From: Konstantin Khlebnikov <khlebnikov@yandex-team.ru>
To: linux-block@vger.kernel.org, Jens Axboe <axboe@kernel.dk>,
linux-kernel@vger.kernel.org
Cc: Mikulas Patocka <mpatocka@redhat.com>,
Mike Snitzer <snitzer@redhat.com>, Ming Lei <ming.lei@redhat.com>
Subject: [PATCH v3 1/3] block/diskstats: more accurate approximation of io_ticks for slow disks
Date: Tue, 24 Mar 2020 09:39:40 +0300 [thread overview]
Message-ID: <158503198072.1955.16227279292140721351.stgit@buzz> (raw)
In-Reply-To: <158503038812.1955.7827988255138056389.stgit@buzz>
Currently io_ticks is approximated by adding one at each start and end of
requests if jiffies counter has changed. This works perfectly for requests
shorter than a jiffy or if one of requests starts/ends at each jiffy.
If disk executes just one request at a time and they are longer than two
jiffies then only first and last jiffies will be accounted.

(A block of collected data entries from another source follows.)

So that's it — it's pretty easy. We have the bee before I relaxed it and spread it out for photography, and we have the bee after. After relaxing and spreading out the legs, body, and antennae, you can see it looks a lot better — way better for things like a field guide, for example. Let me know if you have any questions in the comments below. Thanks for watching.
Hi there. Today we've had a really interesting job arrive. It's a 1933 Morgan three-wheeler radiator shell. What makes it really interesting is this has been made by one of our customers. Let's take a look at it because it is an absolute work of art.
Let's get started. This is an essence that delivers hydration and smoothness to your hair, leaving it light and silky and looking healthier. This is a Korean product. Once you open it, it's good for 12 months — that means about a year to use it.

Fix is simple: at the end of request add up into io_ticks jiffies passed
since last update rather than just one jiffy.
Example: common HDD executes random read 4k requests around 12ms.

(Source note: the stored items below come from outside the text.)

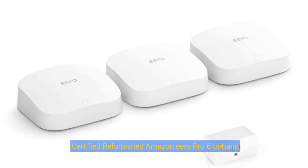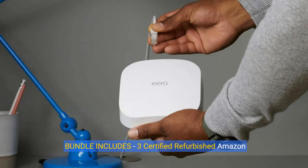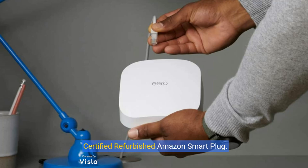Certified refurbished Amazon Eero Pro 6 tri-band mesh Wi-Fi 6 system with built-in Zigbee smart home hub. Configuration: three routers plus one smart plug. Bundle includes three certified refurbished Amazon Eero Pro 6 tri-band mesh Wi-Fi 6 routers and one certified refurbished Amazon smart plug.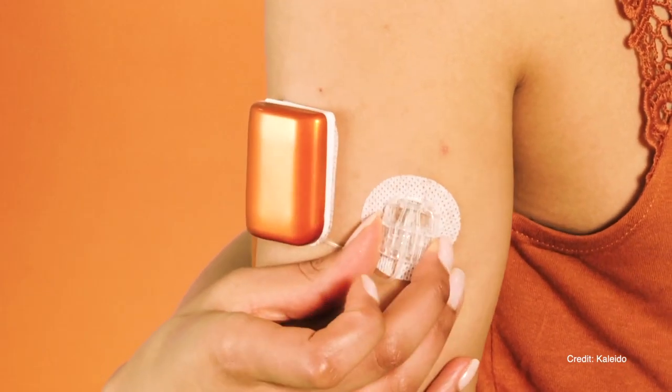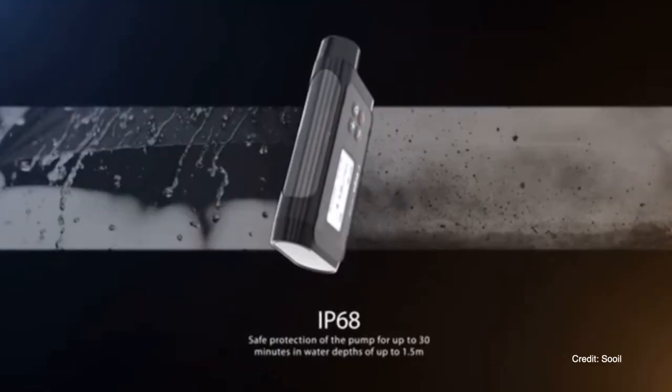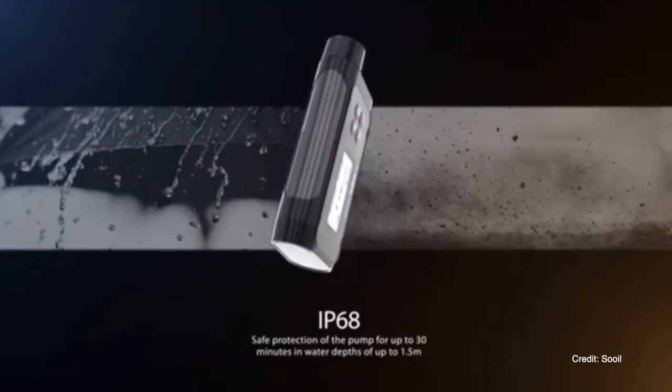It's going to start to adjust. This French hybrid closed loop system is currently in pre-launch in France and is launching in Europe later this year — initially with the Kaleido patch pump, after that with the Dana-i insulin pump, and then with pumps from Roche's insulin pump family. After Europe they will also be launching the DBLG1 system in Japan and in the US.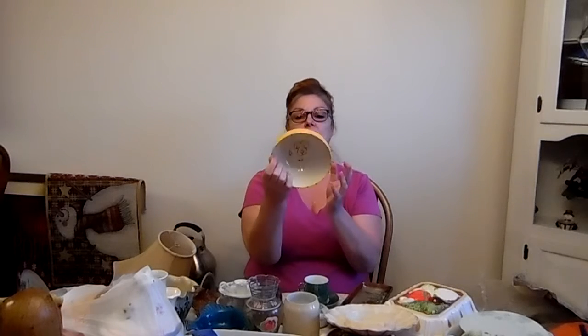I also got this bowl from that huge haul where I was in there for over six hours. It does have a signature on the back — I'm going to guess it was made in Italy or Portugal. It looks like it has popcorn, candy, and pretzels on it. It's not really vintage I don't believe, but it is very cute. I paid 40 cents for it.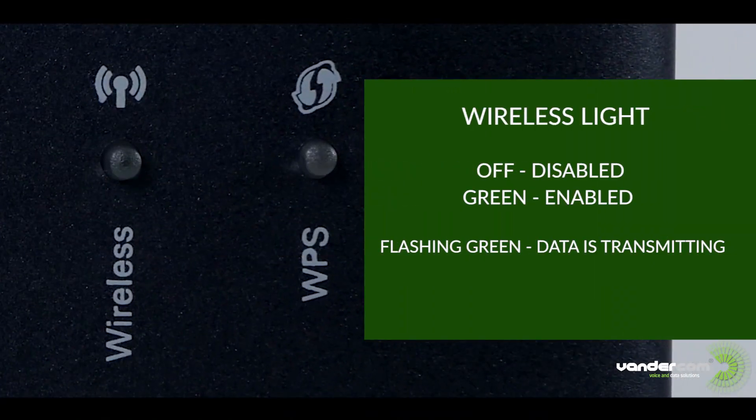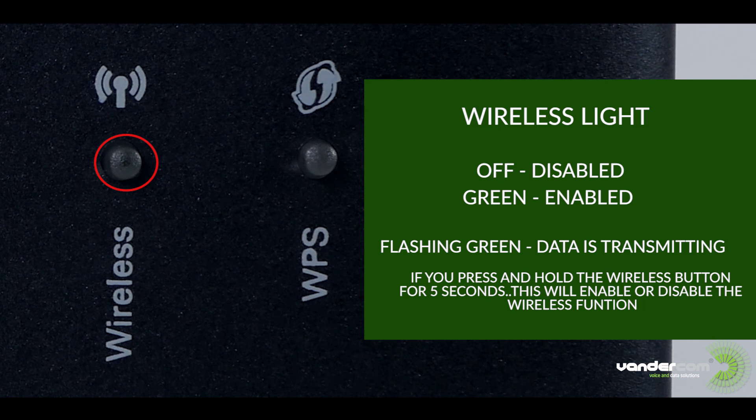Wireless: if this light is off then the wireless is disabled. It is green when the wireless is enabled, and it is flashing green when data is passing. If you press and hold the wireless button for 5 seconds, this will enable or disable the router's wireless.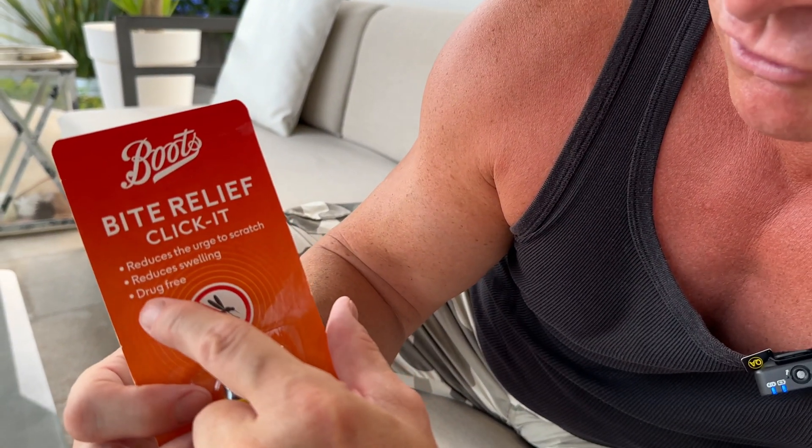This is the best thing I've ever tested. We purchased this from Boots in the UK and it only cost £3.99. On the packet it says Bite Relief Click It, reduces the urge to scratch, reduces swelling and is drug free.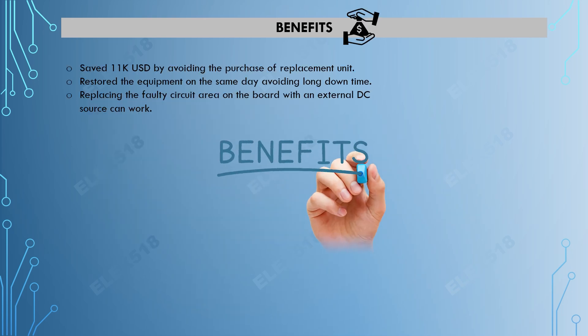For the benefits, we saved 11k USD by avoiding the purchase of a replacement unit. We also restored the equipment on the same day and avoided long downtime. Replacing the voltage circuit area on the board with an external DC source is a new technique we have discovered and proven that it can work. Thank you!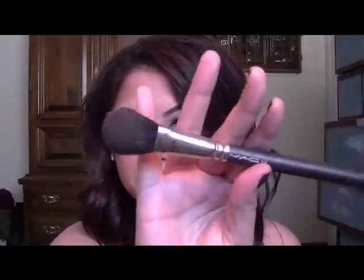After contour, we're going to use a blush. I'm going to use Pinch Me on my cheeks, and I'm just using the 116 brush from MAC. Add a little bit more on this side.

fio --name=test --filename=/dev/sdb --rw=randread --direct=1 --runtime=30 &
iostat -x 10 sdb
Note changes of iostat's "%util" 8,43% -> 99,99% before/after patch:
Before:
Device: rrqm/s wrqm/s r/s w/s rkB/s wkB/s avgrq-sz avgqu-sz await r_await w_await svctm %util
sdb 0,00 0,00 82,60 0,00 330,40 0,00 8,00 0,96 12,09 12,09 0,00 1,02 8,43
After:
Device: rrqm/s wrqm/s r/s w/s rkB/s wkB/s avgrq-sz avgqu-sz await r_await w_await svctm %util
sdb 0,00 0,00 82,50 0,00 330,00 0,00 8,00 1,00 12,10 12,10 0,00 12,12 99,99
For load estimation "%util" is not as useful as average queue length,
but it clearly shows how often disk queue is completely empty.

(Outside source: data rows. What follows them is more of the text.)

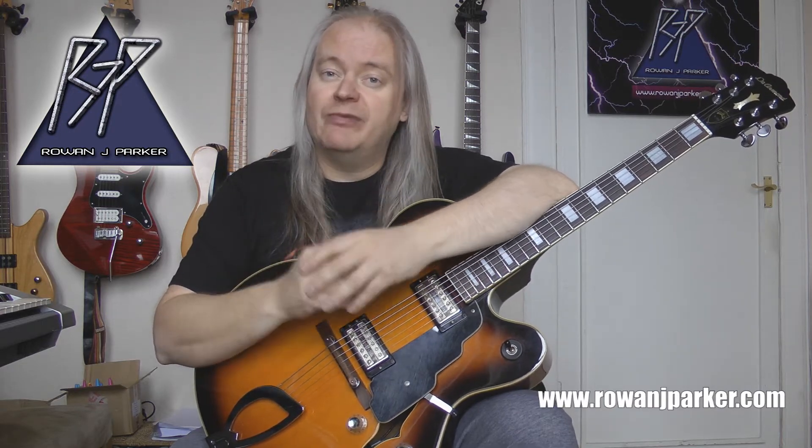Today's episode we're going to be looking at a very interesting and unusual scale called the harmonic major scale — that's right, harmonic major, not harmonic minor. We've covered that before. I'll be presenting seven different fingerboard patterns to learn the scale all over the neck of the guitar.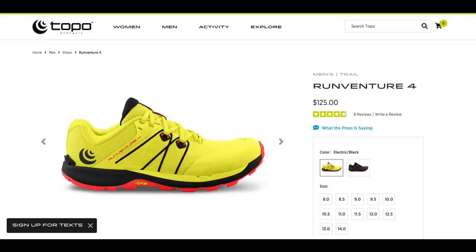The cost of the Topo Athletic RunVenture 4 trail runners is approximately $125 — that's what I paid for them, and then on top of that there was tax and shipping, so I ended up shelling out about $145. But I noticed on Amazon today they are listed for less than $100, somewhere around $93. This is the typical price range for a good pair of trail runners.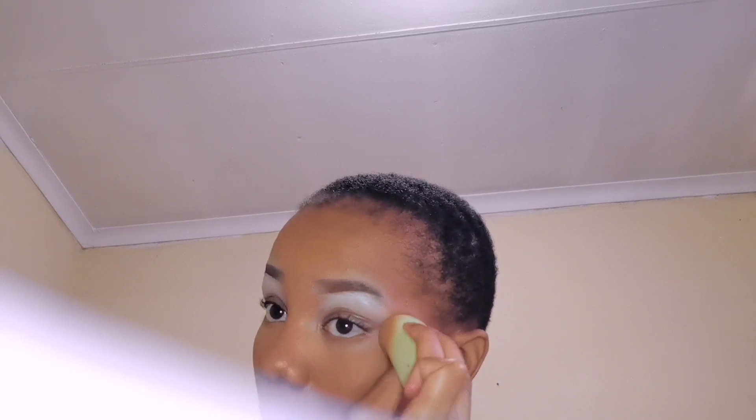Now I'm going to set my concealer. Before setting under my eyes, I just like to blend first before going in with the powder, just to try and avoid creasing. Now I'm going to set my concealer.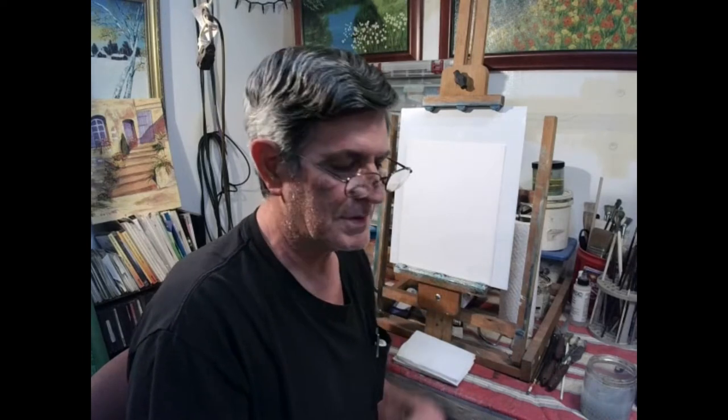Hello and welcome to Kim Castor Art. I'm Kim Castor and we're going to go over what different brushes there are and how to use them.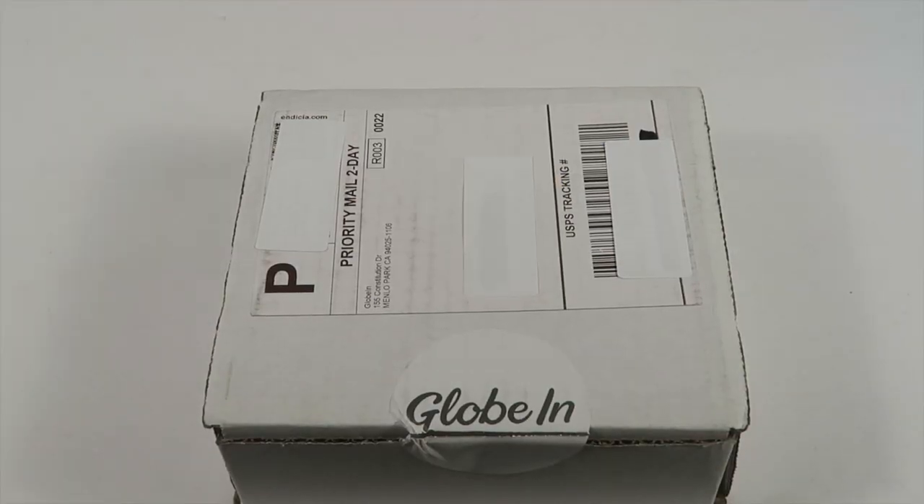This is my unboxing and review for Globin's new limited edition jewelry box. This box has a $135 value. If you subscribe to the artisan subscription box, their main box, you can buy it for $50. If you just want this as a one-time box, you can purchase it for $70. This box is a partnership with Tribal Life, an organization that helps different artisans gain exposure and gives them a venue to sell their products.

Fixes: 5b18b5a73760 ("block: delete part_round_stats and switch to less precise counting")
Signed-off-by: Konstantin Khlebnikov <khlebnikov@yandex-team.ru>
---
Documentation/admin-guide/iostats.rst | 5 ++++-
block/bio.c | 8 ++++----
block/blk-core.c | 4 ++--
include/linux/genhd.h | 2 +-
4 files changed, 11 insertions(+), 8 deletions(-)
diff --git a/Documentation/admin-guide/iostats.rst b/Documentation/admin-guide/iostats.rst
index df5b8345c41d..9b14b0c2c9c4 100644
--- a/Documentation/admin-guide/iostats.rst
+++ b/Documentation/admin-guide/iostats.rst
@@ -100,7 +100,7 @@ Field 10 -- # of milliseconds spent doing I/Os (unsigned int)
Since 5.0 this field counts jiffies when at least one request was
started or completed. If request runs more than 2 jiffies then some
- I/O time will not be accounted unless there are other requests.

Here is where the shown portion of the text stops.